Field initialization before 'super'

Wed Dec 13 22:36:24 UTC 2023

I have been wanting this feature for literally decades!  I’m
glad to see that its time is coming.  My reasons:

  - users can prove their code is free of certain init-races and NPEs
  - specifically, safe publication is safer
  - JIT no longer needs to do escape analysis to trust finals
  - stuff we had to do for ICs and lambdas is now generally available
  - we get closer to fixing certain race conditions in deserialization
  - we get closer to dealing with tech. debt from setAccessible

(The cost of this feature is cultural.  Now users have two ways
to do one task, initialize a final field: The improved way, and
the usually-OK-but-sometimes-not way from literally Java 1.1.
Which I defined.  Which is why I’ve been wanting a fix for years.)

I think it all works as you have framed it, Dan, with phase 1 quietly
inferring strictness from constructor behavior.  The user must opt into
the changed field semantics by changing constructor code.  There is no
“nicer” way to opt into strictness, say on a whole-class basis, but
that is clearly something that can follow later.

The ACC_STRICT bit reflects the internal implementation change in the
order of construction.  Note: This change is not an API change, yet.
Remember that reflection can observe private details like ACC_BRIDGE.

(It may become an API change (with more explicit declaration) when
we start interacting with Valhalla value classes.  Spoiler:  A
value class, and all its supers, must have only strict final fields.)

Even if we didn’t have ACC_STRICT in the classfile, the JVM could
infer its setting by examining all relevant constructors.  But it
seems fair to put the bit into the classfile if the user goes to
the trouble if refactoring construction order.  (It cannot be
inferred from legacy code, since the putfields are in the wrong
places.)  And for Valhalla we really do need ACC_STRICT, along
with the related verifier rule to give it teeth.

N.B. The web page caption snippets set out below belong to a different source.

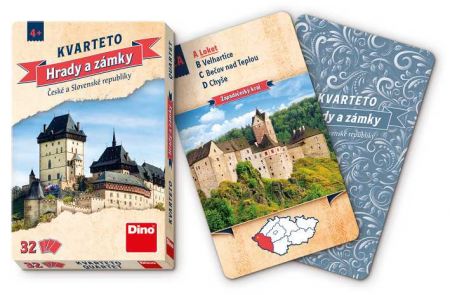 DINO Kvarteto Hrady a zámky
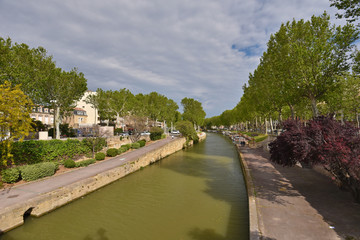 Fototapeta premium Canal de la Robin in Narbonne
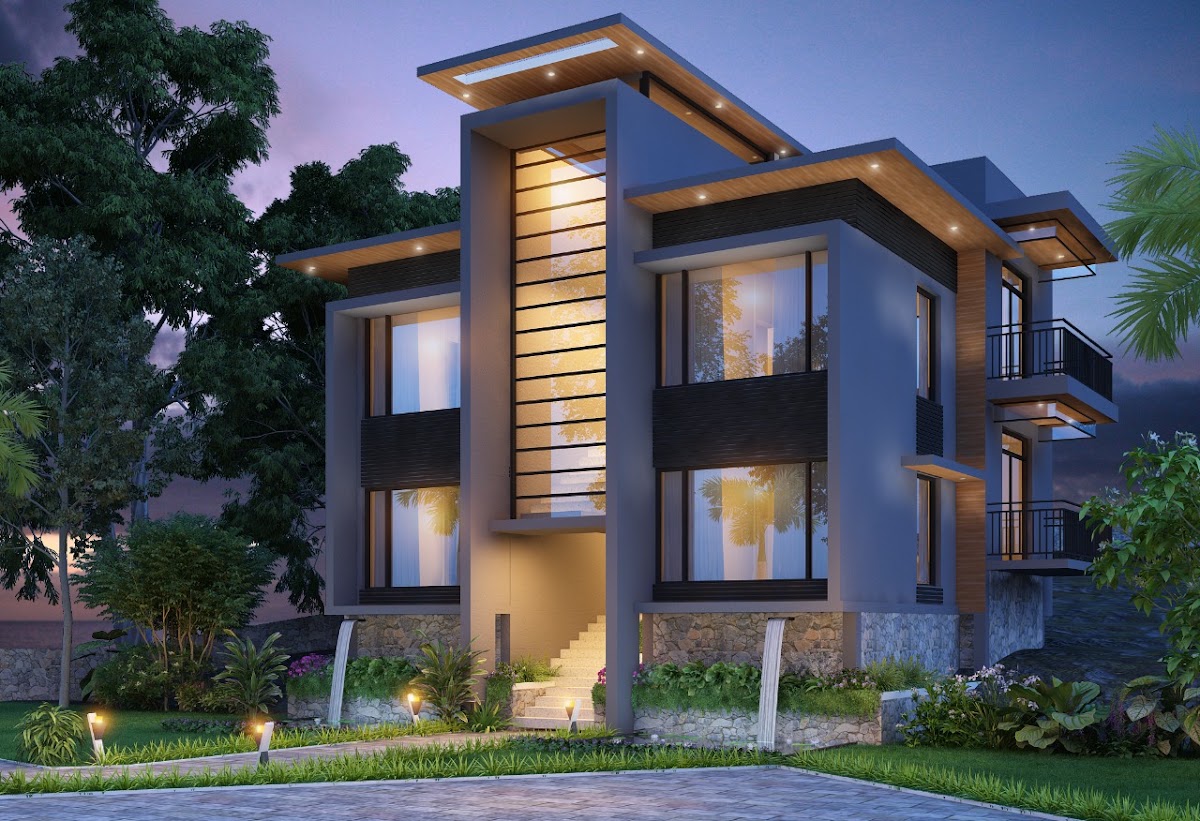 Rock View Resort Vagamon exterior illuminated at dusk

> ACC_STRICT implies ACC_FINAL and !ACC_STATIC. Verification ensures 
> that a 'putfield' for an ACC_STRICT field of the current class never 
> occurs after the 'super()' call. (Specifically, the receiver type for 
> the putfield must be 'uninitializedThis', not a class type.)

Mentioning this entanglement between mode bits is a nerd-snipe.  Let’s
be careful here, for the sake of the future, that we don’t rule out
strict statics, and strict non-finals.  What I think we can and should
do is roll out strictness ONLY for final non-statics, but reserve
judgement about the other combinations.

The combination of guarantees from (a) the existing language rules
for finals and from (b) the new rules for strictness makes the following
statement true for strict finals:

>> NO-READ-BEFORE-INIT It is impossible for the JVM to issue a read of
>> a strict field until after the first write.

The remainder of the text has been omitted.